小さな助け合いの物語賞

しんくみ大賞(1編)

助けるまで諦めない!

吉田 典子

“白い杖を持ったあの人、何がしたいんだろ?”狭い歩道で若い男性が杖と傘と荷物を持ち、右へ左へと方向が定まらない様子。一月の冷たい雨の朝、通勤で急ぐ大人達は足速に男性を避けていた。その時私は高校三年生。志望大学の推薦入試を受ける為『時間の余裕をもって』家を出ていた。これが運命を左右することになろうとは……「あのー。何かお困りですか?」勇気を出して男性に声をかけた。「は、はい。タクシーをつかまえたいんです。病院の母の容体が……」髪は濡れ、青白い顔で困った様子。

私は急に正義感に燃え「ここより大通りに出た方がタクシーが多いです。一緒に行きましょ!」と明るく言った。

男性は「ハァ。」と元気が無い。“三分程の道のりをどうやってお連れするのが良いのかな?まさか一本の傘に二人で腕組んで歩くなんてね”少し考えてから私は男性の手をそっと握り、歩き始めた。“??歩くの遅いな”男性は腰が引けてヨタヨタ。暫く進むと「あの……その前にトイレに行きたくて……」えっ!?辛そうなのはそれだったの!?私は急に焦ってきた。
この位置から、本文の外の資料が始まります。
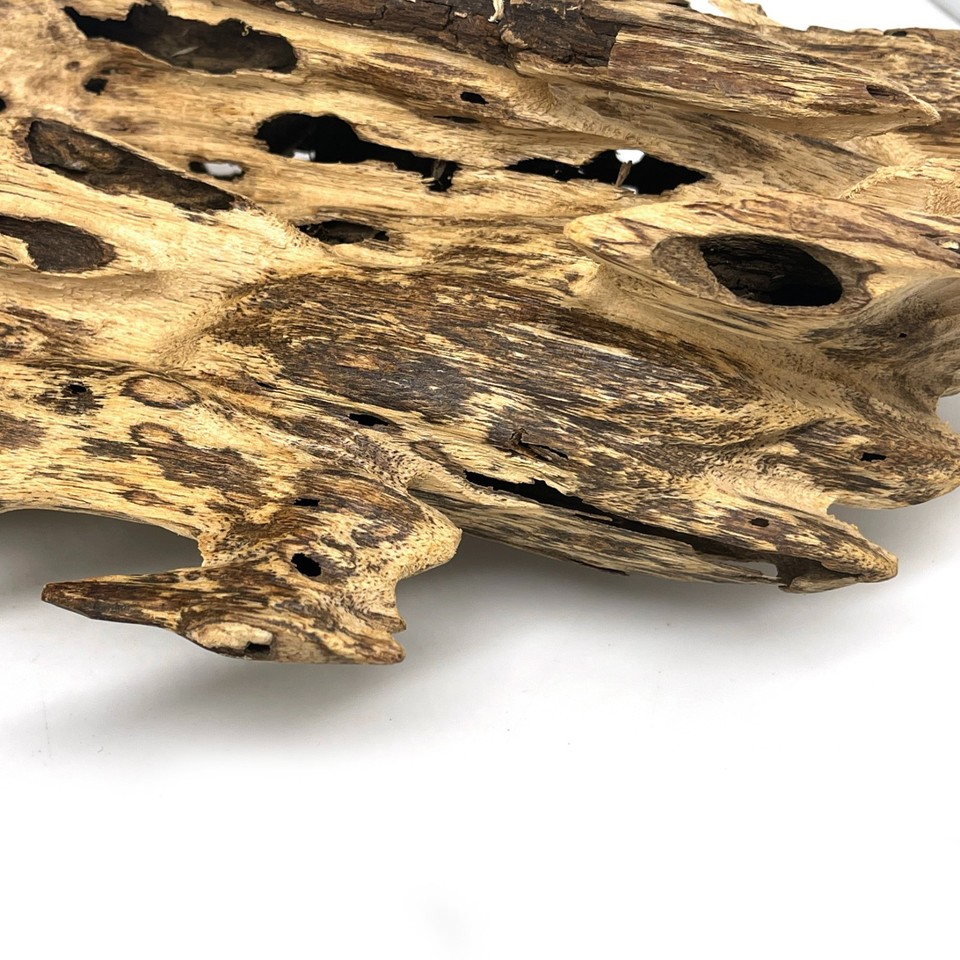 Bois D'agar Malaisien Vieilli - Oudh Sauvage - 65 Grammes - Encens Solide - Fait Main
“タクシーに乗せるだけなら五分もあれば済む”と思っていたのに、今からトイレを捜すのはかなり困難。ここは住宅地。交番?公園?駅は遠いし。繋いだ手は雨に濡れて氷のよう。男性は「スミマセン……」としゃがみ込んでしまった。“え〜〜っ!放っとけないよ!”手を離すと、今度は私が右へ左へと方向が定まらなくなった。
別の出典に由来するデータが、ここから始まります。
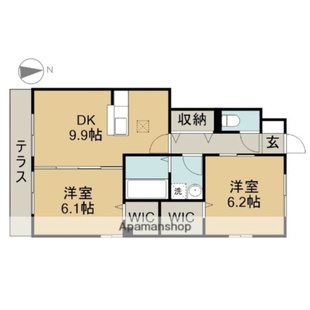 中野区新井5丁目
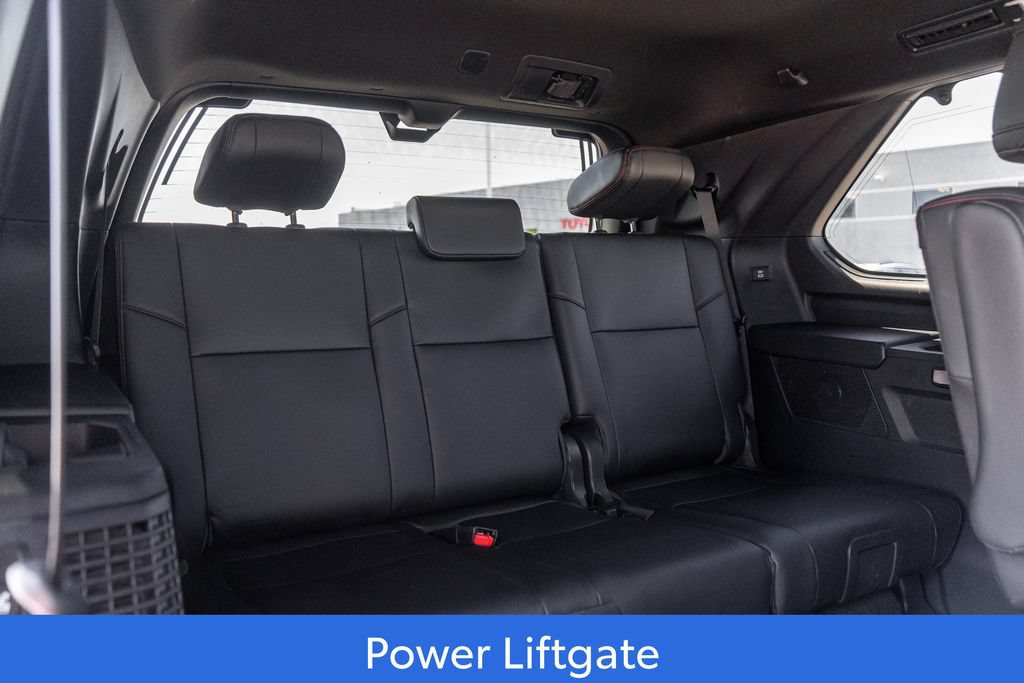 Certified 2025 Toyota Sequoia TRD Pro AWD/4WD image 14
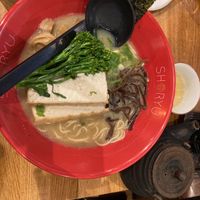  at Shoryu Ramen in London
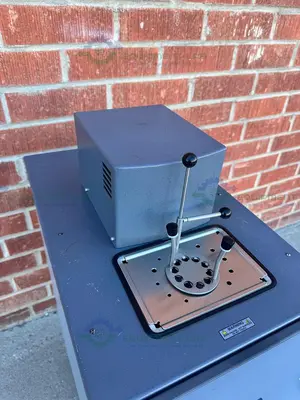 USED FLUKE CALIBRATION HART SCIENTIFIC 7341 DEEP-WELL COMPACT BATH  -45°C TO 150°C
少し走り、近くの大きな家のインターホンを恐る恐る押す。「すみません、トイレ借りれませんか?」「はぁー!?」大型犬が吠え続けるだけでそれ以上応答が無い。隣の家、その隣も留守。祈るように一軒ずつベルを押していると、文化住宅からゴミ袋を持ったお爺さんが出てきた。走り寄ってその人の腕を掴み、「トイレ使わせて下さい!急いでるんです!」「あぁ?ええよ。」雨の中お爺さんは男性を抱くように支え、自室のトイレに座らせてくれた。
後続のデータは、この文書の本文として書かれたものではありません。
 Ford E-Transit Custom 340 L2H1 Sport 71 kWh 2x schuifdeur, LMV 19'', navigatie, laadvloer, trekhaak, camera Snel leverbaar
用を済ませ、何度も御礼を言って大通りへ。気がつくと私は、寒さで震える男性の肩を抱き、二人は一本の傘に入っていた。雨は強まり、なかなか空車がみつからない。”試験開始15分前や”でも私は歩道から身を乗り出し、手を上げ続けた。やっと空車がウインカーを出してこちらへ。「やった!乗れますよ!!」と喜んだのも束の間、頭からびしょ濡れの私達を見て、タクシーは避けるように加速して走り去った。

愕然……男性は眼球の無いくぼんだ目を覆い、「母さん……」と泣き出してしまった。私は何かのスイッチが入ったように車道へ飛び出し「と・ま・っ・て〜〜!!」と絶叫。間もなく若い女性が停車してくれ、男性を病院へ、私を試験場へと運んでくれた。

結果は当然不合格。友達は一言「アホやな」。でも普段の私なら恥かしくて出来ない事が、あの時は人の為に自然と身体が動いたのだ。お爺さんと車の女性は、私に驚いたことでしょう。ごめんなさい。そしてありがとう!